| Given data |
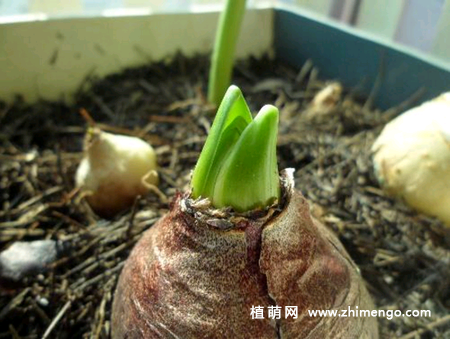 风信子的种植方法，土培和水培种植方法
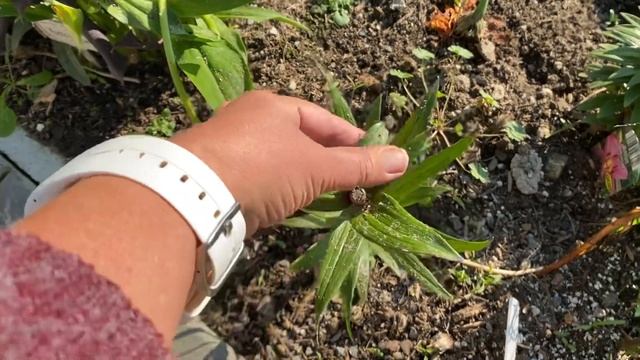 РАЗМНОЖЕНИЕ ЛИЛИЙ БУЛЬБОЧКАМИ смотреть онлайн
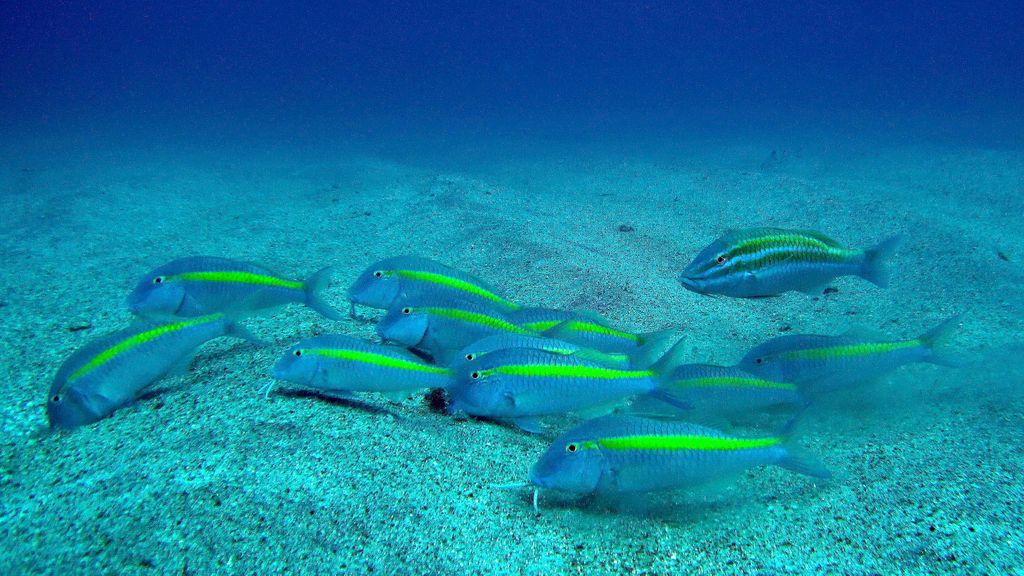 Goatfish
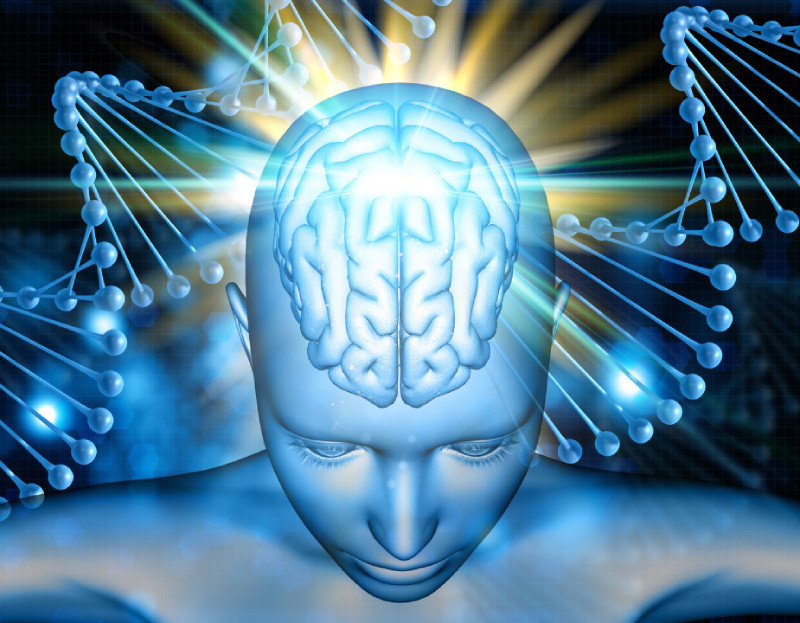 Une représentation qui met en avant un cerveau artificiel lumineux, exposé à travers un crâne ouvert, avec des chaînes d'ADN en arrière-plan. L’image évoque l'exploration des mystères de la pensée humaine, captivant l'imagination et la curiosité sur la complexité de l'esprit humain.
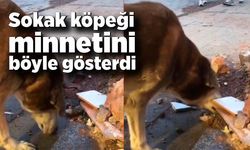 Sokak köpeği minnetini böyle gösterdi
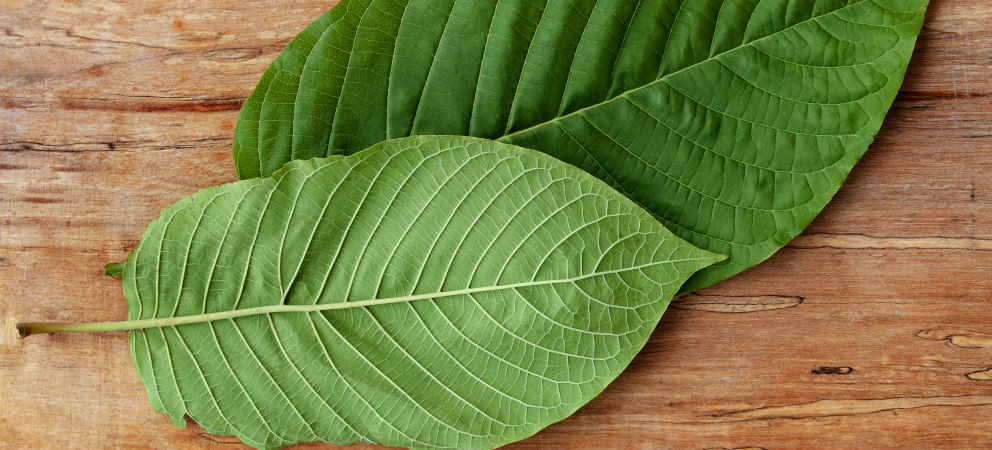Kratom Leaf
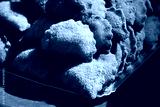 preview cold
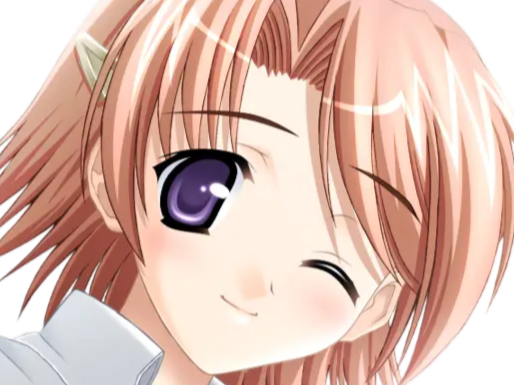 hoshino kasumi presence vn
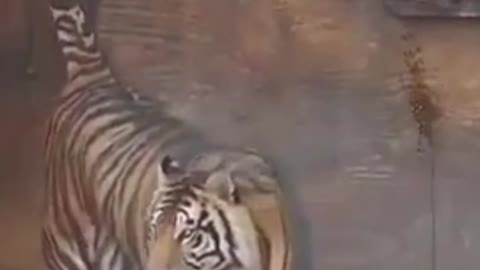 my onevof the best video #animal actions #which is your favorite #animal action |#shorts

| Work request |
All lines above are to be restated word for word, with pictures excluded.

| Exercise solution |
 风信子的种植方法，土培和水培种植方法
 РАЗМНОЖЕНИЕ ЛИЛИЙ БУЛЬБОЧКАМИ смотреть онлайн
 Goatfish
 Une représentation qui met en avant un cerveau artificiel lumineux, exposé à travers un crâne ouvert, avec des chaînes d'ADN en arrière-plan. L’image évoque l'exploration des mystères de la pensée humaine, captivant l'imagination et la curiosité sur la complexité de l'esprit humain.
 Sokak köpeği minnetini böyle gösterdi
Kratom Leaf
 preview cold
 hoshino kasumi presence vn
 my onevof the best video #animal actions #which is your favorite #animal action |#shorts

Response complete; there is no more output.